Exercise directions: No pictures, everything else exact: set down the entries in full.

"""

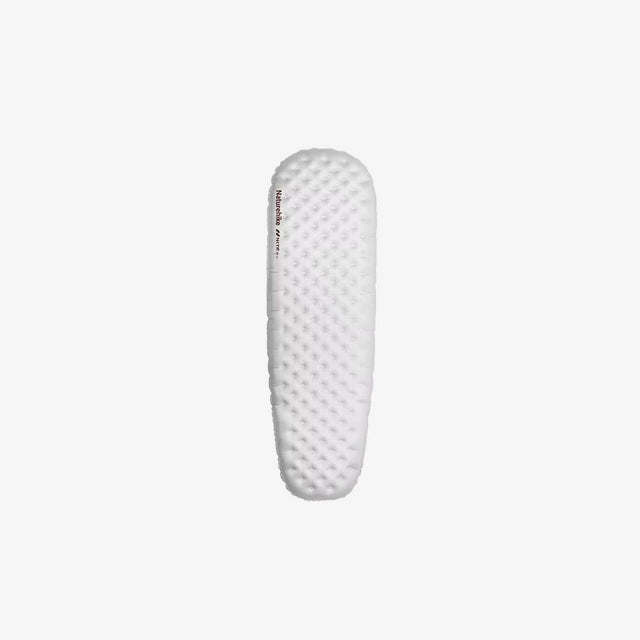 R8.8 Ultralight Sleeping Pad
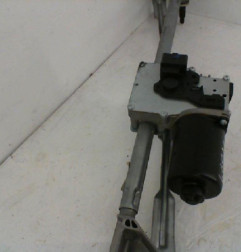 Moteur essuie glace avant DS DS4 1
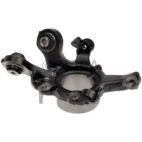 Suspension Knuckle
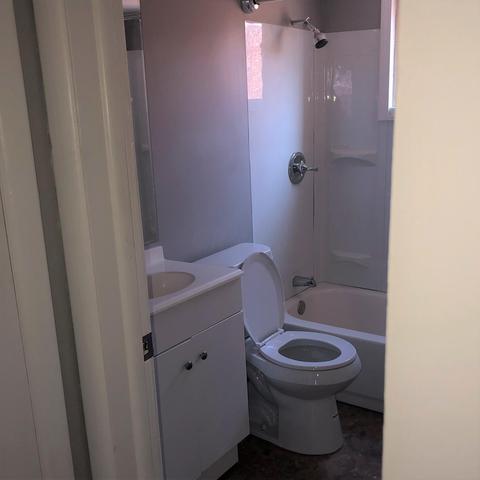 861 E Mound St, Columbus, OH 43205 photo 17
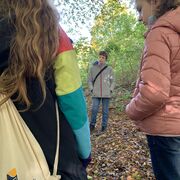 G5_Ferienkurs_Museum_am_Schoelerberg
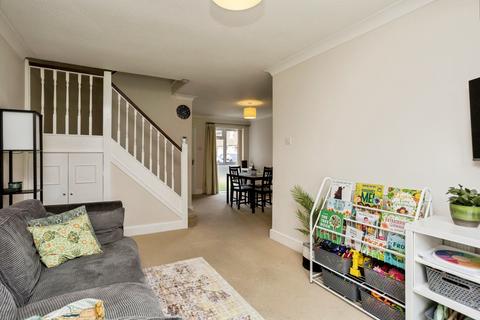 3 bedroom semi-detached house for sale, Cold Waltham Lane, Burgess Hill, RH15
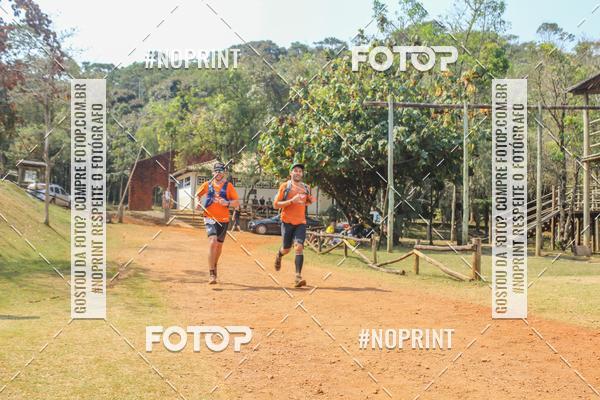 Buy your photos of the eventUltra do Itacolomi 2019 on Fotop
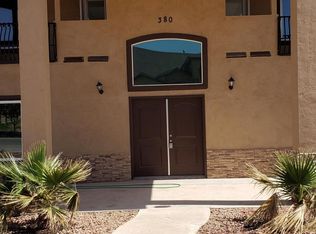 380 Mahan, Clint, TX 79836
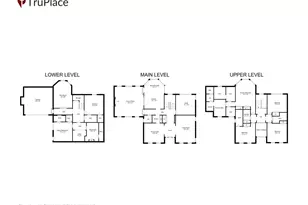 7917 Springer Rd, Bethesda, MD 20817 - Photo 73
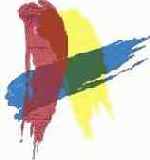 ������ ���������� �����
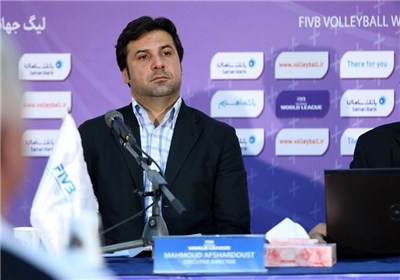 لوزانو زیر ذره بین ایرانی‌ها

"""

Result of this exercise:
 R8.8 Ultralight Sleeping Pad
 Moteur essuie glace avant DS DS4 1
 Suspension Knuckle
 861 E Mound St, Columbus, OH 43205 photo 17
 G5_Ferienkurs_Museum_am_Schoelerberg
 3 bedroom semi-detached house for sale, Cold Waltham Lane, Burgess Hill, RH15
 Buy your photos of the eventUltra do Itacolomi 2019 on Fotop
 380 Mahan, Clint, TX 79836
 7917 Springer Rd, Bethesda, MD 20817 - Photo 73
 ������ ���������� �����
 لوزانو زیر ذره بین ایرانی‌ها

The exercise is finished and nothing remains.